Hyperfusible, adj. (of a substance) capable of reducing the melting ranges in end-stage magmatic fluids.
The course of fractional crystallization of subalkaline magmas epitomized in the schematic reaction series is the net result of all the factors that contribute to phase equilibrium in the poly-component system concerned. Just what the components of the system may be in the strict sense of the phase rule we do not know. The ingredients are SiO2, S, CaO, F, Al2O3, H2O, MgO, Cl, Na2O, CO2, and a host of others. It has become the custom, merely because it is expedient, to express some of the ingredients as oxides, some as elements, and so on, but there is no fundamental basis for so doing. In the liquid magma they all occur combined in a great variety of compounds of which we know very little but which enter into the liquid upon an equal basis of mutual solution. We are not concerned particularly with the contribution each of these ingredients makes to the control of the general course of fractional crystallization as outlined. We know only that the net result of the interplay of all their contributions is as we observe it. Now in the list of ingredients there are mentioned certain substances such as F and CO2 which are gaseous at the ordinary temperature and pressure, and others such as H2O and S which are gaseous at only moderately elevated temperatures. These may be contrasted in this respect with such ingredients as CaO and Al2O3. In connection with a magma crystallizing under adequate pressure the contrast mentioned has no significance. Each ingredient, of whichever class, contributes its share to the general equilibrium and separates as a constituent of the solid phases formed. This is as true of, say, H2O and F, which taken alone are liquid or gaseous at the ordinary temperature, as it is of CaO and SiO2. Thus H2O of our list separates as a constituent of hornblende of the reaction series and both H2O and F as a constituent of mica, and although H2O or F as such would be fluid or gaseous at the existing temperature, the whole mass may become completely solid at a comparatively elevated temperature, let us say somewhat arbitrarily 500°. There need be no unsolidified residue. All of the magma ingredients enter into the solid mass on an equal basis. There is no reason for distinguishing two classes of ingredients.
Under other conditions where lower pressure prevails the sum of the partial pressures of all the ingredients of the magma may at some stage exceed the external pressure. A gas phase will then separate from the liquid and the gas phase will contain all of the ingredients of the magma, each in an amount proportional to its partial pressure.
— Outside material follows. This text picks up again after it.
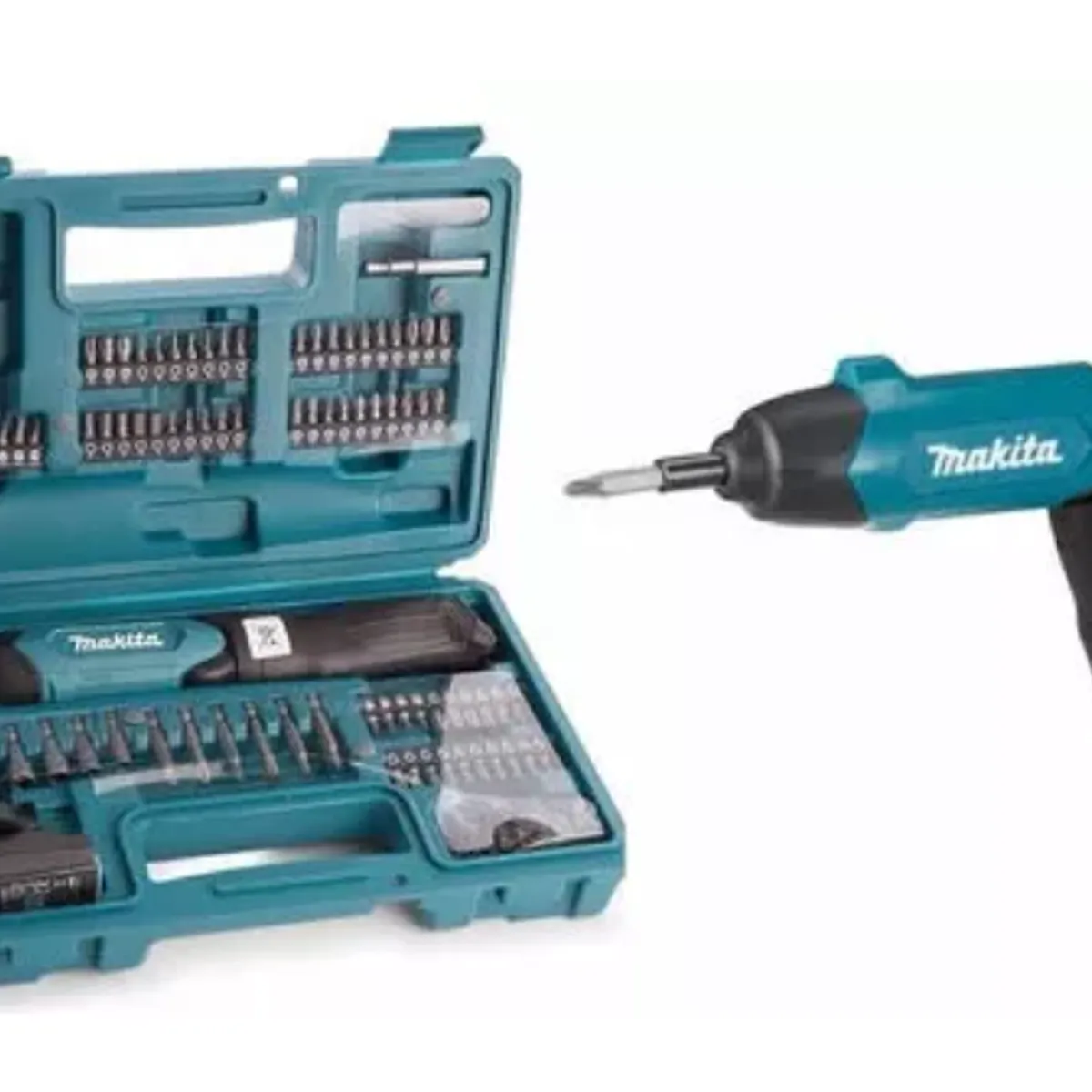MAKITA - Atornillador Inalámbrico Makita Df001dw 81 Acc. Color Verde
Certain ingredients such as H2O, F, and the like will contribute to the gas phase in large amount and certain others such as CaO will be practically absent. Those constituents that dominate in the gas phase are referred to ordinarily as the volatile components, though certain substances not usually to be regarded as volatile may enter the gas phase in notable amounts; as, for example, iron and titanium in virtue of their capacity to form volatile halogen compounds.
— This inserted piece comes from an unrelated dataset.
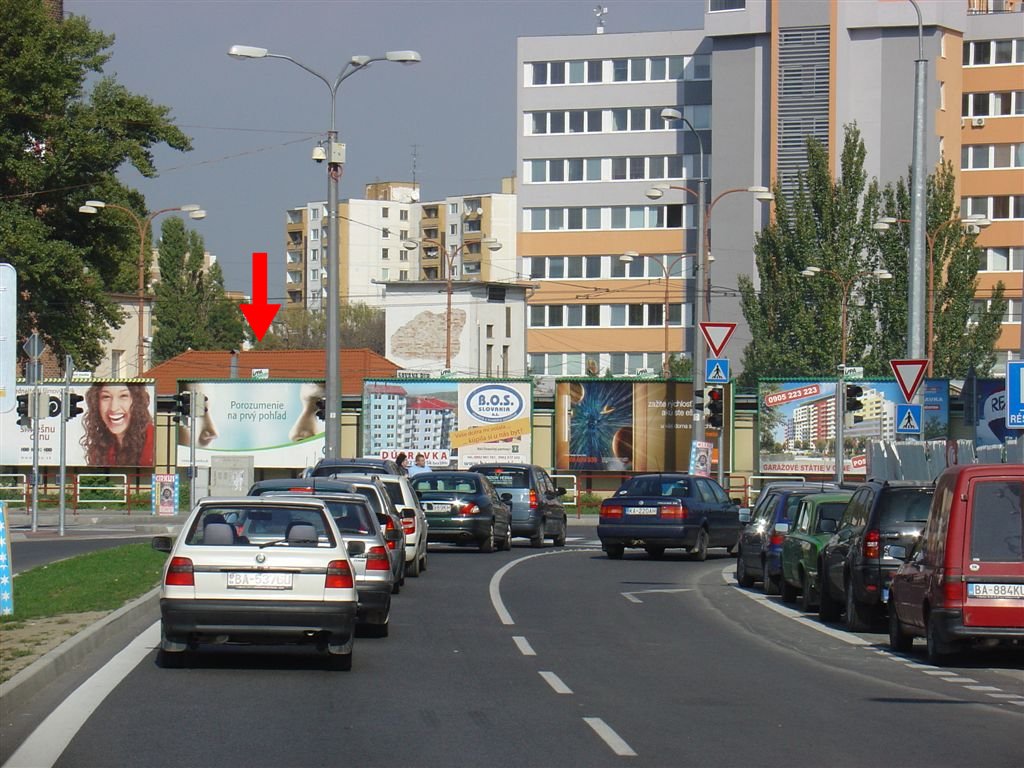 1511341 Billboard, Bratislava (Miletičova/Košická)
At the moment, however, it is desired to defer consideration of the formation of a gas phase and direct attention to crystallization in those deeper-seated bodies of magma that are the principal loci of magmatic differentiation. With this purpose in mind the term “volatile components” as applied to the substances mentioned may be laid aside and attention focussed upon another of their properties; viz., that of having low melting temperatures. Water is unquestionably the most abundant and most important of these constituents. It is liquid at ordinary temperature. Others solidify at even lower temperatures than does water. Now it has been pointed out that the scheme of fractional crystallization presented is the net result of the contributions of all the ingredients to the equilibria involved. The scheme does not need modification in order to include the effects of these low-melting ingredients. Their effects are already in it. The scheme as expressed does, however, emphasize the behavior of the most important products of crystallization of the magma; namely, the silicates. Thus it is made clear that the early subtraction of calcic plagioclase tends toward enrichment of the liquid in the low-melting alkalic feldspars. The behavior of the ingredients of outstandingly low melting temperatures (water, etc.) is not specifically discussed, though some aspects of it are implicit in the schematic outline; as, for example, in the formation of mica as a late member of the reaction series. What it is now desired to emphasize is that their behavior is analogous to that of other low-melting ingredients. If crystallization is only moderately fractional they may be used up by entering into the composition of crystals, either those currently separating or by reaction with earlier crystals, in which case all liquid disappears at a comparatively early stage. Or if crystallization is notably fractional, they may be continuously concentrated into the lower-melting residues, which eventually come to carry a rather high concentration of these ingredients. We may call them the hyperfusible components. Water is the principal of these, and the substances ordinarily called volatile components are important, but other substances to which the term volatile has no application belong here as well, such as molybdates, tungstates, and phosphates of the alkalis. Their behavior may profitably be regarded in the light of the reaction principle.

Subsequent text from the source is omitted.